*** Opening of Exercise data ***
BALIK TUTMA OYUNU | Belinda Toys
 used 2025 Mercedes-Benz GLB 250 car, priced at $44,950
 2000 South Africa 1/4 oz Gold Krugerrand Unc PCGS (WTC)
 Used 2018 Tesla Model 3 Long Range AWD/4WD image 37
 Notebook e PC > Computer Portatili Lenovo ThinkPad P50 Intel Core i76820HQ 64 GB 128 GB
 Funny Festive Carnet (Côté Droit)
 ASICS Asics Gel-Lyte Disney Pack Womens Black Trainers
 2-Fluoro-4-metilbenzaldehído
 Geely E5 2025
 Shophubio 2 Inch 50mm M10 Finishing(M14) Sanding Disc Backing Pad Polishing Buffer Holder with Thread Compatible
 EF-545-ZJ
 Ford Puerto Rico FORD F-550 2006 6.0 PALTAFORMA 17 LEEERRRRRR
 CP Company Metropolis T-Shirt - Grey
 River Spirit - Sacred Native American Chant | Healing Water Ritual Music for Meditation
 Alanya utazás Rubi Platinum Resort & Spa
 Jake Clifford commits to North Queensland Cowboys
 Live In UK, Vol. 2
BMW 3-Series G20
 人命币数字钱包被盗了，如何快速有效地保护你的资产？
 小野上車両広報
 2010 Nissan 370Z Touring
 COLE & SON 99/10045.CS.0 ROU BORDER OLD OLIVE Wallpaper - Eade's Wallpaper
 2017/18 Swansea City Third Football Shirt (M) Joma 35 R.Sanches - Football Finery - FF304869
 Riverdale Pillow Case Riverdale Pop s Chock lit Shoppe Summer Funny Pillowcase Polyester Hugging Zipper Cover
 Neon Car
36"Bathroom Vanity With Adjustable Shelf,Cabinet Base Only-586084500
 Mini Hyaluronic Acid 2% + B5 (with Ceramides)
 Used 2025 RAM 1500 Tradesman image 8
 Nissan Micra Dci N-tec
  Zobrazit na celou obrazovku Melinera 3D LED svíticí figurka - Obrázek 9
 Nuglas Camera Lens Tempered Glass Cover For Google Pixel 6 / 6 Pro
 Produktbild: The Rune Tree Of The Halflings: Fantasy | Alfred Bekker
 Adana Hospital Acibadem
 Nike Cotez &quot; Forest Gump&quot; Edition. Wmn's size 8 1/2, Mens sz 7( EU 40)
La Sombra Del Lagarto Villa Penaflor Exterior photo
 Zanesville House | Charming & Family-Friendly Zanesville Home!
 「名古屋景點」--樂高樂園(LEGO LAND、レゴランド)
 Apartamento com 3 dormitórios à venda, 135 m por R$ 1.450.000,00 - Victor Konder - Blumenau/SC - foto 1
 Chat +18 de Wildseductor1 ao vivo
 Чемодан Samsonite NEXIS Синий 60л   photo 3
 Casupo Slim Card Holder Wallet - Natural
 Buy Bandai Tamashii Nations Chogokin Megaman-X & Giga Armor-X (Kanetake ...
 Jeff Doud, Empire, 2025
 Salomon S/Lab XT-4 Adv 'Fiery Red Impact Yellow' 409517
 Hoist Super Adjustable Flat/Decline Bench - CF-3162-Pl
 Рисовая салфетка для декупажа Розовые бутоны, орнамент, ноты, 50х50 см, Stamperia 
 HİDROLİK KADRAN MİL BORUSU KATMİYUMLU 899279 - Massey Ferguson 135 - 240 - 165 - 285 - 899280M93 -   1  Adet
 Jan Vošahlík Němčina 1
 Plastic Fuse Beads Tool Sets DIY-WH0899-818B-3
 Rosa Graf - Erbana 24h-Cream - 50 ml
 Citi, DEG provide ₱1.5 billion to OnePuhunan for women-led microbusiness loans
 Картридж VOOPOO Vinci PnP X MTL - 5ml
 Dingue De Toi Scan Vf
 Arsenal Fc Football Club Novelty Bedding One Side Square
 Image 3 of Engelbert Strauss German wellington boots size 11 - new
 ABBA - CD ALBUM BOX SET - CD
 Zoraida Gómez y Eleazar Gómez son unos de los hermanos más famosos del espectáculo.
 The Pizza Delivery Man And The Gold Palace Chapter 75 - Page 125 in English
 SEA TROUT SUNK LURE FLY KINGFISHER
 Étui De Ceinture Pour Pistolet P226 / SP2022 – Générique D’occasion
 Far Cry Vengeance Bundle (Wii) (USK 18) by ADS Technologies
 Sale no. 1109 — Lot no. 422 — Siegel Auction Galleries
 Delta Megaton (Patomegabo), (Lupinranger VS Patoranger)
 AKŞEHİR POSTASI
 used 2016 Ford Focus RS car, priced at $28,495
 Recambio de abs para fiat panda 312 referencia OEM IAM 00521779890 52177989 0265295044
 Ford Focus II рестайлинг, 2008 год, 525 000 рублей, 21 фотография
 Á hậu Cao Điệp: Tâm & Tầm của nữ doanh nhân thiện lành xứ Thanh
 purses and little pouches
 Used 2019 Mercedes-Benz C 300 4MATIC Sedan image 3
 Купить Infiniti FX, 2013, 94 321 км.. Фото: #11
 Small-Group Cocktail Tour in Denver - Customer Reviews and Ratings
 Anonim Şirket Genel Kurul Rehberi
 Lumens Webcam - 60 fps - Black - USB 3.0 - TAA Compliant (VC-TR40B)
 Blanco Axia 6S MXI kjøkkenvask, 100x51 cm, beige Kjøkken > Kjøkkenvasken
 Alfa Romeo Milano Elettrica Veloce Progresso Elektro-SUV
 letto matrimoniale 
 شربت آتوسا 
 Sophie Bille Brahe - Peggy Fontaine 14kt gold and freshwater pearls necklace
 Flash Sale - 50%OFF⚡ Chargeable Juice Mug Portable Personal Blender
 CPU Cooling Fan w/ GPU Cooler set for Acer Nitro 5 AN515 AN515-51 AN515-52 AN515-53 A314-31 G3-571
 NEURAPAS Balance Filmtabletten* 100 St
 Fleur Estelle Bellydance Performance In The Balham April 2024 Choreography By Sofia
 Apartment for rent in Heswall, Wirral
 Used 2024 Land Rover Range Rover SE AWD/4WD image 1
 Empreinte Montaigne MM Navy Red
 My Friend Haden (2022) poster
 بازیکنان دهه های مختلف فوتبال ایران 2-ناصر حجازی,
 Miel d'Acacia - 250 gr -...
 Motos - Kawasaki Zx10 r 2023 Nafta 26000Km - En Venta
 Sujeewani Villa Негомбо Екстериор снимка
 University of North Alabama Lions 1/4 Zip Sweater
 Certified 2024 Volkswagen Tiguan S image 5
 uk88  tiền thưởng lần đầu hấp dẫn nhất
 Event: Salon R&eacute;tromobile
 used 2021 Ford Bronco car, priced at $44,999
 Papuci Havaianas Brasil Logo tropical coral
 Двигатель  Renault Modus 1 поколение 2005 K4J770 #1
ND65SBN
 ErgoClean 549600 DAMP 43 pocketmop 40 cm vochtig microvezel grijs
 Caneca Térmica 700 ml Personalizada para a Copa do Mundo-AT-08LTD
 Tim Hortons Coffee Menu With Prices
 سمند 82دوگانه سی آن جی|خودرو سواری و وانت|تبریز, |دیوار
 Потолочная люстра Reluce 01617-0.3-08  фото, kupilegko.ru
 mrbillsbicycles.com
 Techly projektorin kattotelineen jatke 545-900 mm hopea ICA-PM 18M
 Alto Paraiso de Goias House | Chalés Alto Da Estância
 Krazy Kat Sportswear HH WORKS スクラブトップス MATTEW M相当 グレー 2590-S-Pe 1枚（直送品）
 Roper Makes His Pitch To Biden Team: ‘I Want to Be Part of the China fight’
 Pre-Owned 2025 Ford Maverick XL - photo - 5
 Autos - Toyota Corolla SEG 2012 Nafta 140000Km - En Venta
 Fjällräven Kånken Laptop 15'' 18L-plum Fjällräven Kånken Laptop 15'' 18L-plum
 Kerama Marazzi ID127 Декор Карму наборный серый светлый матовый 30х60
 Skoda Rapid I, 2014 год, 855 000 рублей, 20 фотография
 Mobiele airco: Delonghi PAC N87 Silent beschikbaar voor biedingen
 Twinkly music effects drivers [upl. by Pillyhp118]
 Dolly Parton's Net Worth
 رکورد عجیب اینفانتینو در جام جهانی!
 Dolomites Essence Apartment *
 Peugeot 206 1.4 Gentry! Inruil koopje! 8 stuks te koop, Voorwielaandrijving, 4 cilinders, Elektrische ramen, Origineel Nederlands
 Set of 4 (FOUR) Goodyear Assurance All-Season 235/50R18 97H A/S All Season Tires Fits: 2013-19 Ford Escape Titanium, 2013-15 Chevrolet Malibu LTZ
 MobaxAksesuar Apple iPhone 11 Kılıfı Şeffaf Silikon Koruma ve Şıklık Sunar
*** Close of Exercise data ***
## Problem requirements
Within the material above, copy exactly the lines from the line that holds "Shelf,Cabinet Base Only-586084500" up to and including the line that holds "Nike Cotez &quot; Forest".

## Response
36"Bathroom Vanity With Adjustable Shelf,Cabinet Base Only-586084500
 Mini Hyaluronic Acid 2% + B5 (with Ceramides)
 Used 2025 RAM 1500 Tradesman image 8
 Nissan Micra Dci N-tec
  Zobrazit na celou obrazovku Melinera 3D LED svíticí figurka - Obrázek 9
 Nuglas Camera Lens Tempered Glass Cover For Google Pixel 6 / 6 Pro
 Produktbild: The Rune Tree Of The Halflings: Fantasy | Alfred Bekker
 Adana Hospital Acibadem
 Nike Cotez &quot; Forest Gump&quot; Edition. Wmn's size 8 1/2, Mens sz 7( EU 40)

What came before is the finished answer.